When our spiritual narcissism entitled us only to be cast out from God’s presence forever, Jesus would be cast out so we would be brought in.
Then Jesus went through the towns and villages, teaching as he made his way to Jerusalem. Someone asked him, “Lord, are only a few people going to be saved?”
He said to them, “Make every effort to enter through the narrow door, because many, I tell you, will try to enter and will not be able to. Once the owner of the house gets up and closes the door, you will stand outside knocking and pleading, ‘Sir, open the door for us.’
“But he will answer, ‘I don’t know you or where you come from.’
“Then you will say, ‘We ate and drank with you, and you taught in our streets.’
“But he will reply, ‘I don’t know you or where you come from. Away from me, all you evildoers!’
“There will be weeping there, and gnashing of teeth, when you see Abraham, Isaac and Jacob and all the prophets in the kingdom of God, but you yourselves thrown out. People will come from east and west and north and south, and will take their places at the feast in the kingdom of God. Indeed there are those who are last who will be first, and first who will be last.”
The First Will Be Last; The Last Will Be First
Steve is the owner of an incredibly popular Italian restaurant—a restaurant so popular you need to make reservations in July to get a table in December. On the days when his restaurant is incredibly busy, you won’t find Steve hiding in the back office; you’ll find him busing tables, mopping floors, and filling in wherever help is needed. One night—when Steve was greeting customers at the door—a group of six women walked in and demanded to be seated. Steve asked for the name on their reservation. The leader of this group says, “Oh, we didn’t make a reservation—but it’s okay. The owner is a personal friend of mine—and he said he always has one or two tables open for special guests like me.” She clearly didn’t know the owner. And Steve didn’t know her, either. What he did know was that this woman was trying to get into his restaurant on her terms—not his. She was trying to illegitimately bypass her need for a reservation and get in however she wanted. She, by virtue of who she was, felt entitled to a seat.
We see that same attitude of entitlement in our story today. Some within Jesus’ audience felt entitled to God’s love because of how good a person they thought they were; others felt entitled to God’s heaven by virtue of their Jewish ancestry. But if it’s by virtue of who I am that gets me right with God, that inherently paves a broad highway to heaven. And so, with one sentence, Jesus demolishes that idea entirely. “Make every effort to enter through the narrow door.” That narrow door is Jesus.

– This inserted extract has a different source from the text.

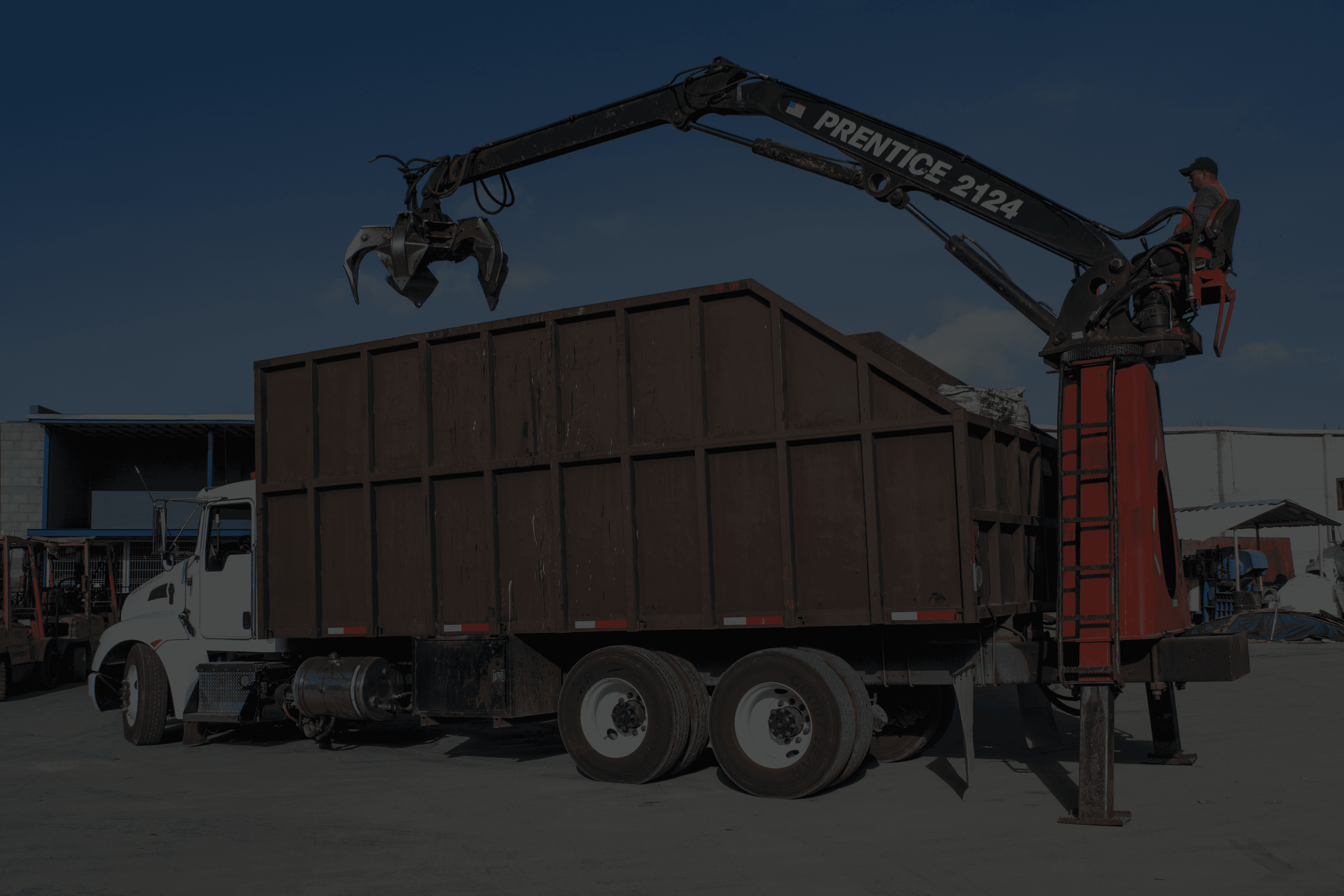 Crane truck loading debris into a large bin.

But entitlement seeks to engineer other doors into heaven. Entitlement points to our track record and says “See God? I’m such a good person, I deserve to go to heaven!” Entitlement points to our background or upbringing, and says, “Because I’m this kind of person, I deserve to be loved by God.” The Pharisees listening to Jesus certainly felt that way. They prided themselves on their Jewish lineage and they vigorous devotion to their man-made traditions. They didn’t feel they needed the kind of Savior Jesus came to be. So, you can imagine how offended they got when Jesus said they would stand outside the heavenly banquet pleading to be let in—while the outcasts of society—the foreigners, tax collectors, and prostitutes who clung to Christ in faith—were not only entering the kingdom of God ahead of the Pharisees but were given a seat “at the feast in the kingdom of God.”

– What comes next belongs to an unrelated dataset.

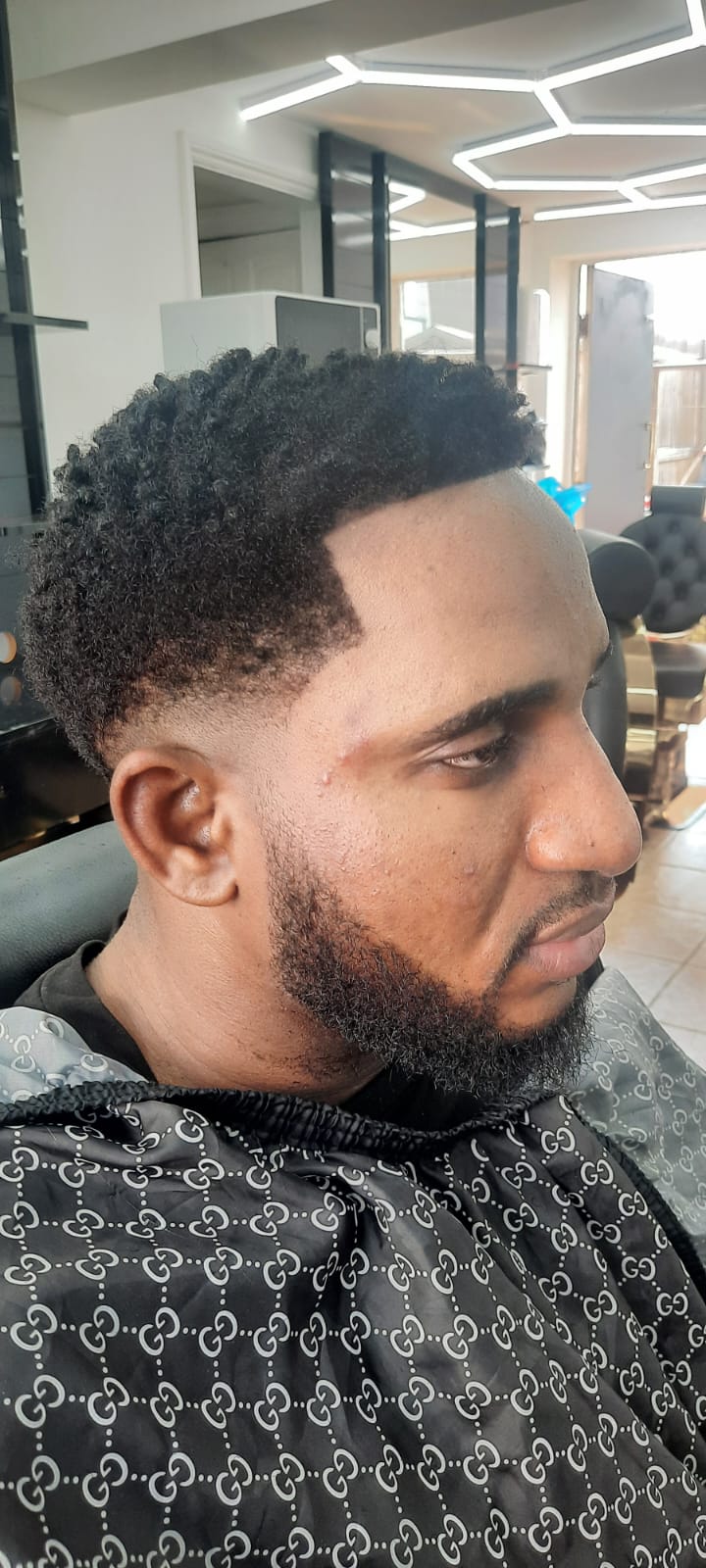 High skin fade with razor detail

How this world determines who’s first and last isn’t how it’s done in the kingdom of God. God’s economy of grace defies our economies of entitlement—and the world isn’t the only one scandalized by the upside-down nature of God’s kingdom: we are, too. “Why wouldn’t I be first?” we say. “I try to go to church and read my Bible regularly. I volunteer. I work hard. I try to be a good person. Shouldn’t that count for something? I mean, sure, sin is bad. But there are people around me who are much worse. Why wouldn’t God love me for who I am?” But if you and I try to appeal to entitlement and point to who we are as our confidence to stand before God, then God would be entitled to respond just like Steve did to that woman trying to get in his restaurant on her terms. “I don’t know you.”
But when our sins of spiritual narcissism entitled us only cast from God’s presence forever, Jesus stepped in. More accurately, Jesus would be cast out so we would be brought in. Jesus was headed to Jerusalem to endure hell on a cross. Not because he was ‘entitled’ to that kind of death—but because we were. His love would move him to be rejected by God so we would be accepted. Jesus endured what we were entitled to in order to win us what we weren’t. Because of Christ and Christ alone, you and I are forgiven before God and restored to him; we, in Christ, are made members of God’s family and have heaven as our home. Jesus would become last to put us first.
We can’t engineer other doorways into heaven. But we don’t have to. The only door is already wide open for the world! Through faith in Jesus alone—clothed with his righteousness, we will stand in joy beside him at the heavenly banquet! Rest assured that you have a seat at God’s table—because his blood has bought your seat. Your reservation is under the name of ‘Jesus’.
Prayer: Dear Jesus, thank you for becoming last to put us first. Thank you for becoming a servant to save us. Thank you for winning us a spot in your heaven and a seat at your table. In your name we pray. Amen.